In late July or early August 2010, the court ruled that many properties owned by the Jamaat would be sold to make up for the cost of the destruction of buildings in the coup attempt. A Commission of Enquiry was appointed to enquire into the events surrounding the attempted coup was formally launched in 2010. On 13 March 2014, the final report was presented to President Anthony Carmona.

The Enquiry found that the proximate cause of the attempted coup was the inadequate communication by Special Branch of the Police Service to inform national security with two years of intelligence that an insurrection by the Jamaat against the Republic was likely. Those within national security who did receive the intelligence either underestimated or discounted the threat which prevented counter-measures.

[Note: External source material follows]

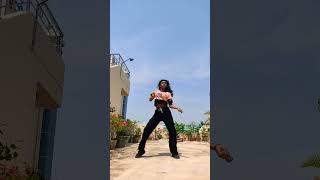 angels in tibet🥵🔥 dancecover emmaneelabja [upl. by Dachy]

The Enquiry also noted that losses due to arson and looting during the coup was estimated to be TTD $450,000,000.00.

== Books and media ==
Three documentaries were made with respect to the attempted coup:

1. Kaiso For 27 July (1991): A 22-minute documentary discussing the aftermath one year later.
2. SIEGE (2008): A 28-minute documentary recounting the terror and courage of employees at TTT.
3. 1990 (2009): A 23-minute documentary produced by CCN TV6 reviewing the events and testimonies of some of the hostages.

Five books have been written about the attempted coup:

1. The Muslimeen Grab for Power: Race, Religion, and Revolution in Trinidad and Tobago by political scientist Selwyn Ryan.
2. A Society Under Siege: A Study of Political Confusion and Legal Mysticism by criminologist Professor Ramesh Deosaran both documenting the background, culmination and immediate aftermath of the attempted coup.
3. Days of Wrath: The 1990 Coup in Trinidad and Tobago by journalist Raoul Pantin, gives an account of his experience as one of the hostages at TTT.
4. 1990: The Personal Account of a Journalist Under Siege by journalist Dennis McComie who had the humanitarian task to inform the public throughout the ordeal via the lone functioning radio station – NBS Radio 610AM/100FM.
5. Attack with Full Force by retired Brigadier General Ancil Wayne Antoine documenting his experiences during and after the attempted coup as a major in the Trinidad & Tobago Regiment.

On May 30, 2014, Vice News interviewed Yasin Abu Bakr on his role in the attempted coup.